- **Exercise details**: Pictures in the listing below are skipped, while the lines from the "TOILET BAG DELPHIS RED-2 снимка" line through the "Arrowrock Straw Outdoor Hat" line are returned word for word.

- **Input for this task**:
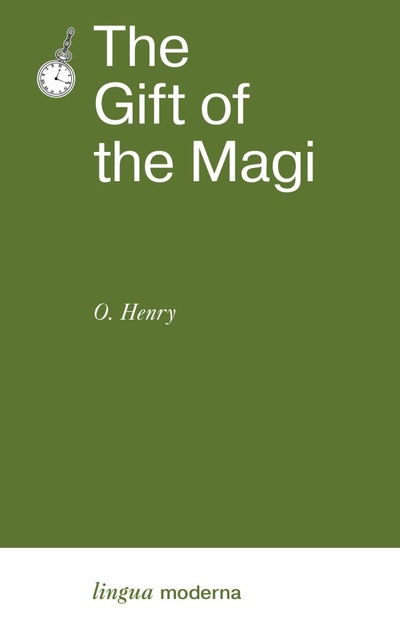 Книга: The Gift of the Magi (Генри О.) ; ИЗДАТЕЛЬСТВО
* * *
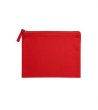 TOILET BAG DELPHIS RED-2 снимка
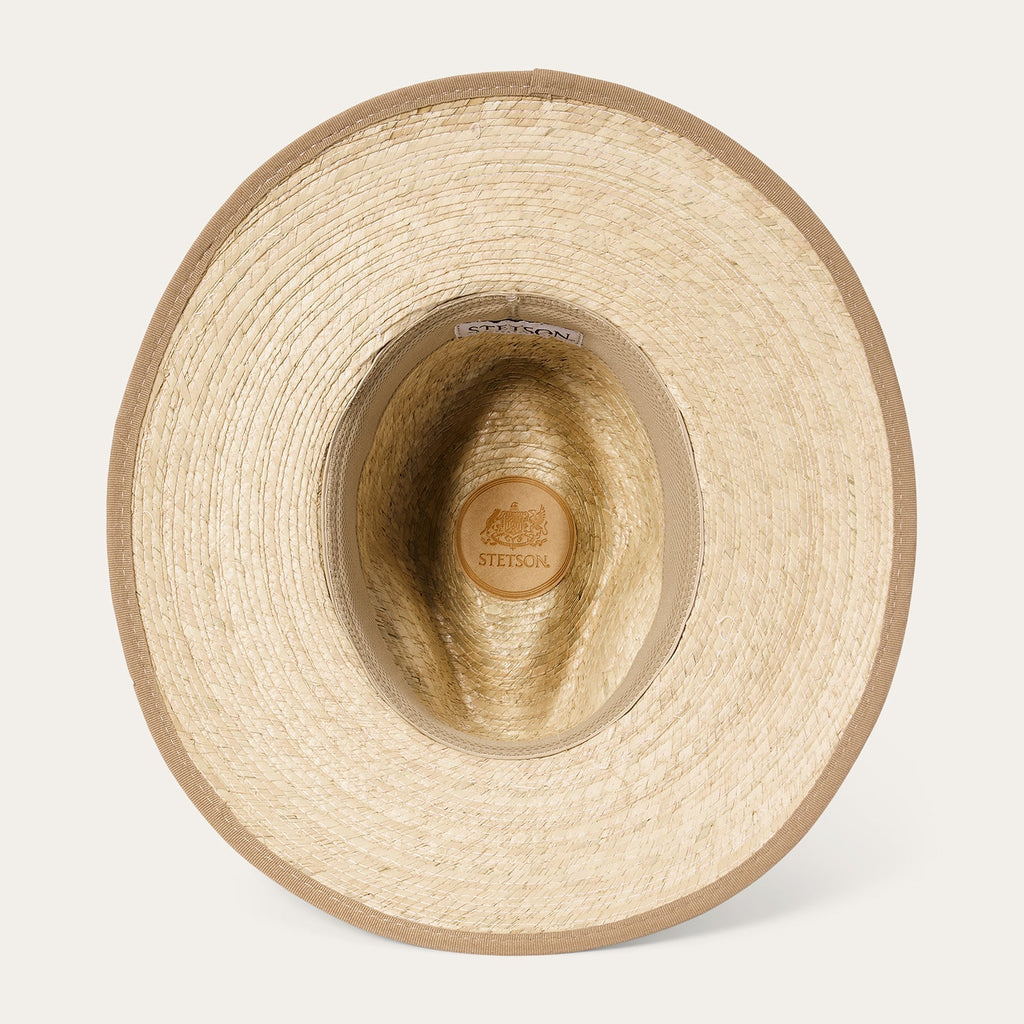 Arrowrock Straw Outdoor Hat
==
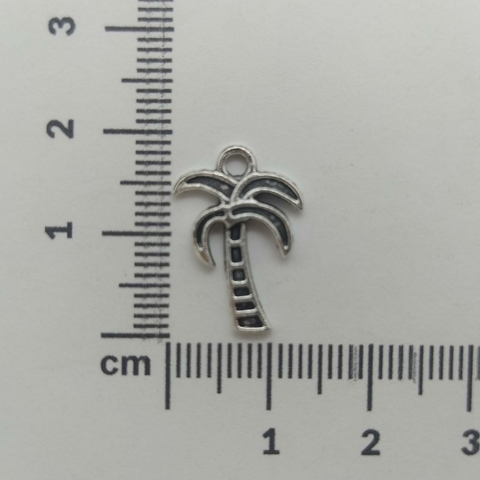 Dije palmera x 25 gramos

- **Task response**:
 TOILET BAG DELPHIS RED-2 снимка
 Arrowrock Straw Outdoor Hat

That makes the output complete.